Resulta por demás interesante observar como una medida de regulación administrativa sobre transporte, se transformó en una disposición concerniente al régimen patrimonial del estado, y haciéndolo de manera casuística en vez de señalar lo que se estatuiría en el Artículo 127 de la Constitución Guatemalteca de 1985 redactada de puño y letra por el jurista Ramiro de León Carpio; o bien lo que estatuían las disposiciones coloniales: que todas las aguas, no sólo las enumeradas en el párrafo quinto del 27, pertenecían a la corona, y posteriormente al estado mexicano como causahabiente de la misma, tal y como lo concluye Luis Cabrera en 1909 en México citando a la Recopilación de la Leyes de Indias de 1680 de Antonio de León Pinello, o como lo afirma en Argentina en 1939 Miguel S. Marienhoff en su tratado citando la precedente de 1643 “Política Indiana” del real oidor de la audiencia de Quito Juan Solorzano Pereyra.

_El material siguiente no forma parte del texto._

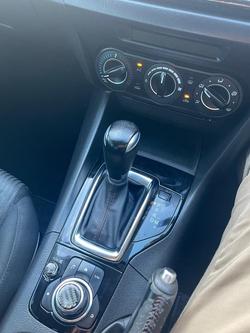 2015 Mazda
3 Maxx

Las tensiones que empiezan a vivirse, ante el descontento social interno por escasez de agua en diversas localidades y ahora también en el ámbito de las relaciones diplomáticas del país, exigen abordar el asunto en cuestión con la entereza y profundidad de conceptos sobre las “presas” y las aguas transfronterizas, como los que esgrimiera en su momento Antonio Martínez Báez, por más que algún idiota quiera tildar tal tratamiento de “pretencioso”.